Testing was performed using a 64-bit Windows 7 computer with an Intel(R) Core(TM) i5 CPU processor. A java JDK 1.5 version, allocating 3GB as the minimun for the java heap and 3.5GB as the maximun, was used for each experiment.
Naive Implementation
Although not very time-efficient this implementation will serve as a baseline for development and testing of more optimised algorithms, and also shows that even the grounding approach can be used for small use cases or for initial testing.
The section includes testing data obtained from different experimets showing the feasibility of this implementation when the number of different nominal schemas per axiom is low.
Java code to ground axioms containing nominal schemas to a given ontology is also included.
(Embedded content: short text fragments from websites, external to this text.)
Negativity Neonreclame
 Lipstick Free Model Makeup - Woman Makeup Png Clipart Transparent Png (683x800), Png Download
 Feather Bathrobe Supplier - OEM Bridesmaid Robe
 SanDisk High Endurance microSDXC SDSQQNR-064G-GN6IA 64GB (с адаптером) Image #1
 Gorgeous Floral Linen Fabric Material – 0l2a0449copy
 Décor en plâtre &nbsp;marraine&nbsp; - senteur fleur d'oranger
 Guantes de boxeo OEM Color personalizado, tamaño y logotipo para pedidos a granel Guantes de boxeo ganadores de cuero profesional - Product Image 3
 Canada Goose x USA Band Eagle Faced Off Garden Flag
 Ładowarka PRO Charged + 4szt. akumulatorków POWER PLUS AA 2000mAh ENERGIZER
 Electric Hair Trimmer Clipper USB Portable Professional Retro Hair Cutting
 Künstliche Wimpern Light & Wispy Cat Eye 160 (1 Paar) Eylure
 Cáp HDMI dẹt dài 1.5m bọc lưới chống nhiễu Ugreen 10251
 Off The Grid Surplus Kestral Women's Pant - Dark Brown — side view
After the grounding reasoning tasks can be performed with the ontology using any reasoner available just as usual(the java program was built for testing purposes only and therefore it is not an optimised generic algorithm).
Ontologies
We present in this section the metrics of the ontologies used for the Naive implementation
Ontology | Classes | Annotation P. | Data P. | Object P. | Individuals |
Fam | 4 | 0 | 1 | 11 | 5 |
Swe | 189 | 1 | 6 | 25 | 22 |
Bui | 686 | 15 | 0 | 24 | 42 |
Wor | 1842 | 6 | 0 | 31 | 80 |
Tra | 445 | 2 | 4 | 89 | 183 |
FTr | 22 | 2 | 6 | 52 | 368 |
Eco | 339 | 2 | 8 | 45 | 482 |
Testing results
This section contains two tables showing the reasoning time results for the ontologies when axioms with different combinations of nominal schemas are added.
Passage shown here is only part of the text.